Diante da confirmação de que o presidente brasileiro Jair Bolsonaro testo positivo para o coronavírus, seu colega argentino, Alberto Fernández, enviou uma carta para expressar seu desejo de uma rápida recuperação e solicitar que extremo cuidado fosse tomado no país vizinho.

“Com muito pesar, soube que ele foi afetado pelo COVID-19. Quero expressar meus desejos de que ele se recupere muito em breve”, começou o presidente.

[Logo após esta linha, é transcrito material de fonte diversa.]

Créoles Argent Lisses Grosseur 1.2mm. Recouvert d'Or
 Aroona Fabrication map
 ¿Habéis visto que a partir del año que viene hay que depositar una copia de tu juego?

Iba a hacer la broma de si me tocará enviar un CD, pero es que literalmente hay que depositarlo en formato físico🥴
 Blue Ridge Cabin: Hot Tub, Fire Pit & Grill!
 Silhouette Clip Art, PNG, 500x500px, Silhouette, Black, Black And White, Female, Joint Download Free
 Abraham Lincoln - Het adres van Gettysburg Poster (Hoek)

A carta possui quatro parágrafos, e Fernández analisou que “o perigo dessa pandemia se manifesta nos níveis de contágio. Esse vírus não faz distinção entre governantes e governados. Estamos todos ameaçados e é por isso que os cuidados devem ser extremos”.

Usando de objetividade, destacou a necessidade de se cuidar, disse o presidente argentino, foi entendida pelos “povos que enfrentam essa tragédia com integridade e responsabilidade”. Por esse motivo, sustentou que “nesta hora difícil” receba  saudação e solidariedade como todos os cidadãos do Brasil.

A assinatura da carta não é menos notável: “Sinceramente “, como o livro de sua vice-presidente Cristina Kirchner, “Alberto Fernández”, escrito com uma caneta azul.